The importance of risk management
According to the Institute of Internal Auditors of Spain, organisations require resilience and growth to navigate the crises that occur globally. It is in this context that risk management is born, with the aim of providing a tool to retrieve the necessary information on the main risk events within companies.
Risk Management is a very important front within the organisation, defined by ISO 31000:2018 as all those activities implemented to direct and control the organisation to risk. In broad terms, it is about identifying, assessing and reporting the risks encountered in the business or operation.
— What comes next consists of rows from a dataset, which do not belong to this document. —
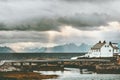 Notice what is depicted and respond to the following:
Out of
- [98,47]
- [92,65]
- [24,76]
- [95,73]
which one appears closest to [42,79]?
[24,76]

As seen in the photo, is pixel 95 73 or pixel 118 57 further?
pixel 118 57

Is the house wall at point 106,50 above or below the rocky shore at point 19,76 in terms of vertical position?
above

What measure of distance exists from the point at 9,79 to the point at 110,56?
57192mm

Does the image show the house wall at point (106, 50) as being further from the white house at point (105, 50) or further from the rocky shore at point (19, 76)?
the rocky shore at point (19, 76)

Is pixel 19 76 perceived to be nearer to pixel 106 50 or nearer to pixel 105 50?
pixel 105 50

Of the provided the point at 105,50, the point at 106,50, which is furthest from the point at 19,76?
the point at 106,50

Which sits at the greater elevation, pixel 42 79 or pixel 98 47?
pixel 98 47

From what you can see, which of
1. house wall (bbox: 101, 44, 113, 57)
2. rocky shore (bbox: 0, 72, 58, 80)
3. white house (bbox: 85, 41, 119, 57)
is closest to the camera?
rocky shore (bbox: 0, 72, 58, 80)

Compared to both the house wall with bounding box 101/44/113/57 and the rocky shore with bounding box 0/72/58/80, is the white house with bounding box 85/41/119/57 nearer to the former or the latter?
the house wall with bounding box 101/44/113/57

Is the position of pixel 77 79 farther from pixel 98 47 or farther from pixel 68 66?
pixel 98 47

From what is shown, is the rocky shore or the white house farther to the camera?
the white house

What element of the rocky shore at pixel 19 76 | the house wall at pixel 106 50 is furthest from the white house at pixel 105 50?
the rocky shore at pixel 19 76

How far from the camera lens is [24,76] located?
8219 cm

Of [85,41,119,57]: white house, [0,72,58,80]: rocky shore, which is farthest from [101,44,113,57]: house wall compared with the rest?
[0,72,58,80]: rocky shore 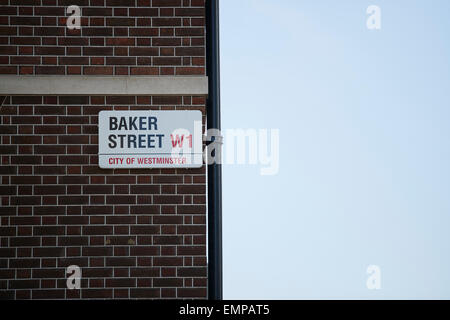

However, risk management is not just a technical process within the company, it has a much deeper meaning.
Risk management is about having professional judgement within day-to-day activities to detect in a timely manner those areas where measures should be put in place to decrease the severity of such an event, but how do you know that such a tool exists or what relevance does it have?
Risk experts should be involved in this activity, their task is not only to accompany the identification and evaluation of possible risks within each of the disciplines that make up the company, but also to instruct them and make them aware of a risk culture.
The role of risk owners
Risk culture is, in a nutshell, those guidelines or directives within the corporate culture that are intended to govern the risk management process.
They are a key part of the process, as they are the ones who are involved in the day-to-day running of the operation and who, therefore, might observe some relevant element to be addressed within the risk management process, now, we begin to go a little further, because risk culture is necessary within the whole company.
With this in mind, we are much more aware that risk owners are those who actively participate in each of the multidisciplinary areas of the company, working in areas such as accounting, technology, communication, etc. They must be aligned with the risk culture of the company.
They must be aligned with the corporate risk culture, as well as have sufficient training and tools to identify any threats or opportunities that arise.
Pillars for a Risk Culture
The risk culture has different pillars, the first and the starting point for everything are the guidelines that oversee the process, both in form and substance, and will be the solid foundation for the subsequent activities. To drive this, there must be leadership to permeate all the instructions within the key elements in the areas, also a vision focused on continuous improvement and an important commitment to constant training, now a big question arises: how is all this implemented? There is quite an extensive list of activities that can be carried out, however, there are four areas that can be of great help:
Continuous improvement, as one of the initial objectives of risk management, is that all parties and information involved have the highest quality, since, it must be timely information that promotes being a reference for decision making, however, excellence should not be expected overnight, from the expert and coordinator of the process, standards should be established and socialised with all involved, through training and constant communication, guiding the expected expectations.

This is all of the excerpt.